» **WHAT TO WORK ON**
Using the listing below, retype exactly the lines starting at the one with "locking zipper macro" and ending at the one with "专柜🆕2026春夏设计推荐 热卖牛仔裤🆕柔软亲肤面料 奢华头层牛皮腰牌", and include both.

» **DATA**
---
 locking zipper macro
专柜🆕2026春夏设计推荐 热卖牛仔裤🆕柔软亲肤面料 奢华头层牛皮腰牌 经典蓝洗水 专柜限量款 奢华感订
---
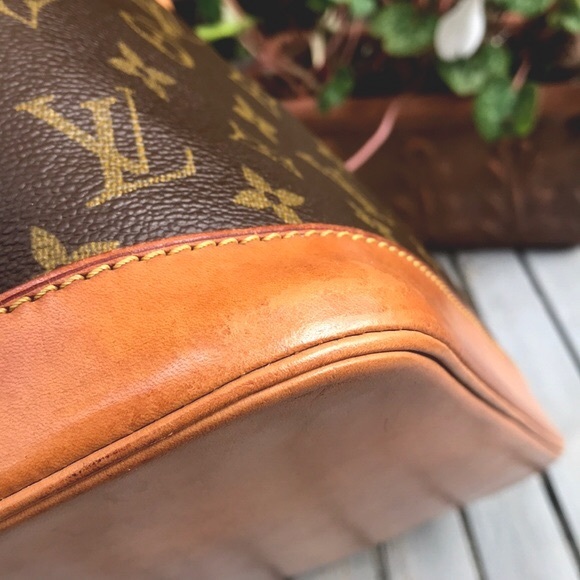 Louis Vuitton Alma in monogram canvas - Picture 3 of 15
---
» **WRITTEN SOLUTION**
 locking zipper macro
专柜🆕2026春夏设计推荐 热卖牛仔裤🆕柔软亲肤面料 奢华头层牛皮腰牌 经典蓝洗水 专柜限量款 奢华感订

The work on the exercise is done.